Jeremy Tonet: Hi. Good afternoon. Just wanted to start off with regards to Crestwood. Now that the acquisition has been under your belt for a little bit here, I’m wondering if you could update us a little bit more. You talked about the synergy capture a bit before, but just what you see now as far as the impact and what you see, I guess, for potential synergies across commercial, cost savings, what have you. Just curious for latest thoughts there.
Tom Long : Yes. Jeremy, I’ll go ahead and start. We still feel very good about the $80 million on the cost synergy side that we said we would be able to achieve, and that’s going well. Then I’m looking over at Mackie who will comment on the commercial side of it.
Mackie McCrea : Yes. Jeremy, as every time that we go and acquire somebody, we always have anticipated synergies, and then we just dig stuff up and find things. Once again, we’re doing that with Crestwood. Some of it we can talk about, for example, in the Permian Basin. They’ve got some idle capacity that we’ll be able to utilize sooner than later to delay any kind of expansions we may need out there. There’re also some things going on up in the Bakken that we can’t really elaborate on, but very significant opportunities up there help not only fill up some of their available iron out with available processing capacity, but also bring in fairly significant more barrels in Dakota access. And there’s others we can go out of river other areas, but we’re very excited about what we’ve seen early and look forward to really benefiting from some of these synergies we’ve already recognized.

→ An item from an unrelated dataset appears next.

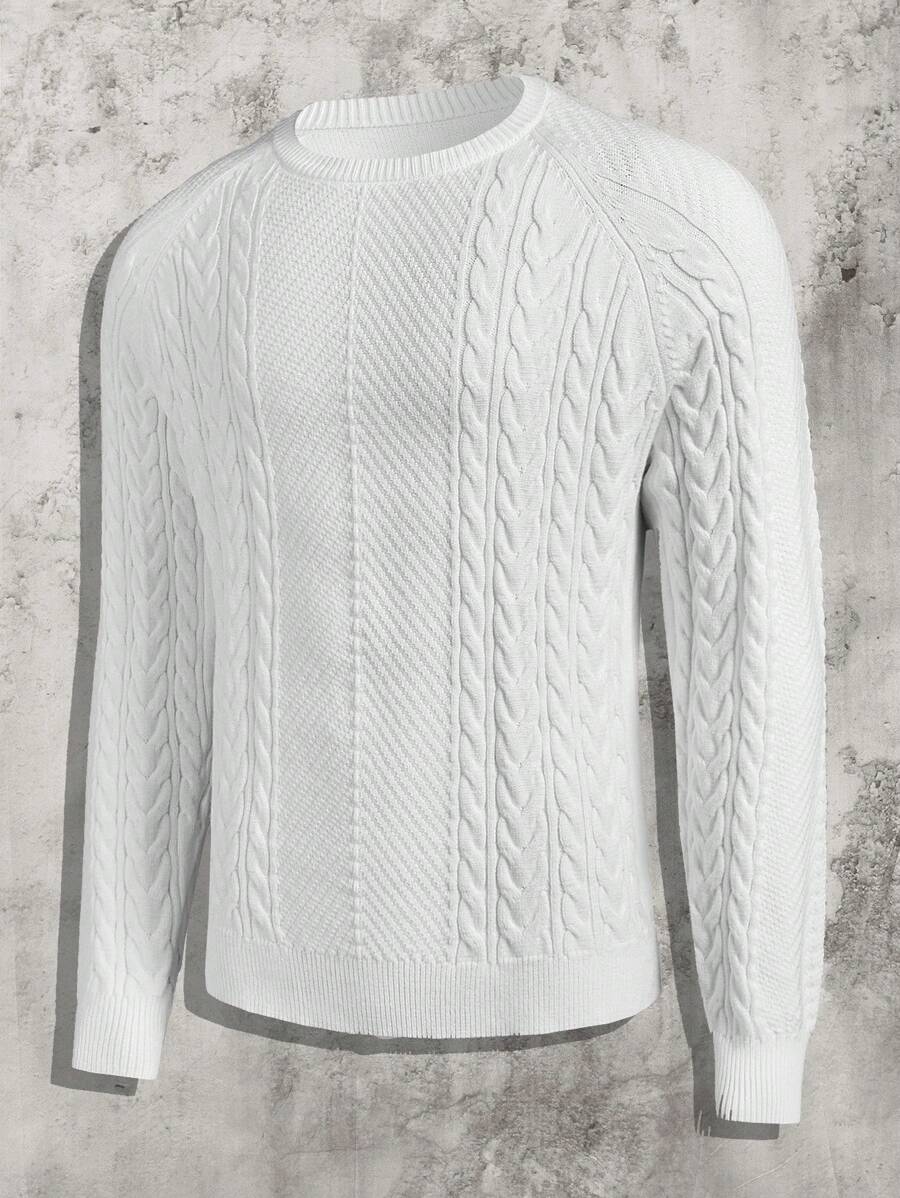 Manfinity VCAY Men's Form-Fitting Crew Neck Long Sleeve Casual Knitted Sweater, Suitable For Autumn/Winter - White - View 1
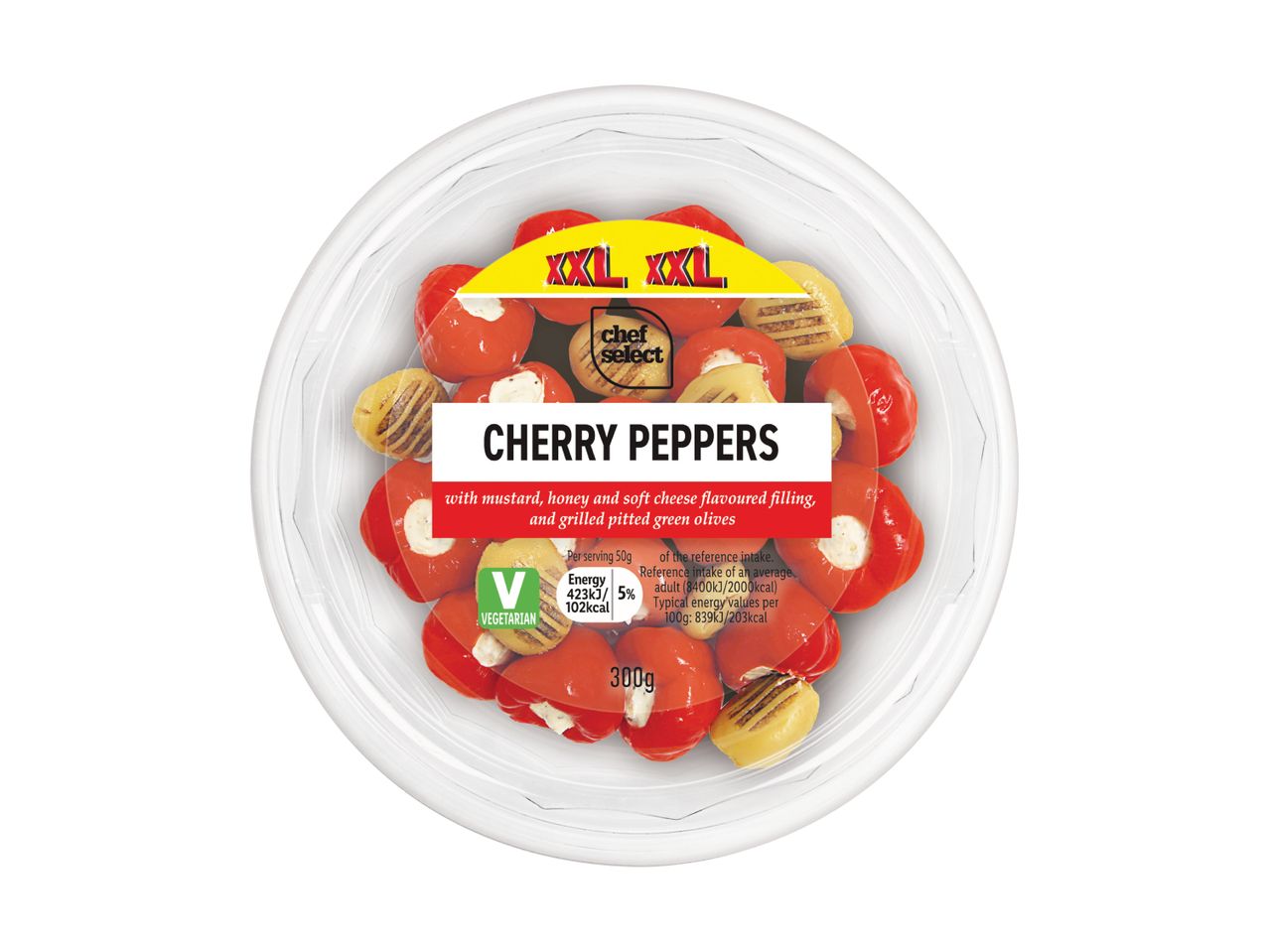 Del Real Cherry Peppers in a plastic container.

Jeremy Tonet: Great. Thank you for that. And I appreciate the guidance update reflects the Sun acquisition of NuStar there. But if I just want to kind of parse through that a little bit more and see how the base business for ET is proceeding versus guidance provided before, how would you describe, I guess, the outlook at this point versus before if it’s similar or if anything has changed?
Tom Long : Similar is going to be the short answer. We had the $14.5 billion to $14.8 billion. We’re including an incremental $500 million just for that portion of the year for Sunoco. So that’s what you’re seeing at this time with where we are in the process. Sunoco team has done a great job and they’ll be probably updating that number a little bit more as we go forward. But right now $500 million is the number that we’re using so.
Jeremy Tonet: Got it. That’s helpful. Just the last one, if I could, I think you talked about the potential for increasing equity returns and just wondering if you could comment a bit more on what you meant there?
Tom Long : There’s obviously two as far as just the overall equity. Jeremy, if I understand you correctly, equity returns meaning that we continue to bump the distributions. But don’t ever want to say that we’re not focused on unit buybacks when we get to the right place from a leverage standpoint. And what I mean is when we’re kind of looking at it, the forecast will be opportunistic there.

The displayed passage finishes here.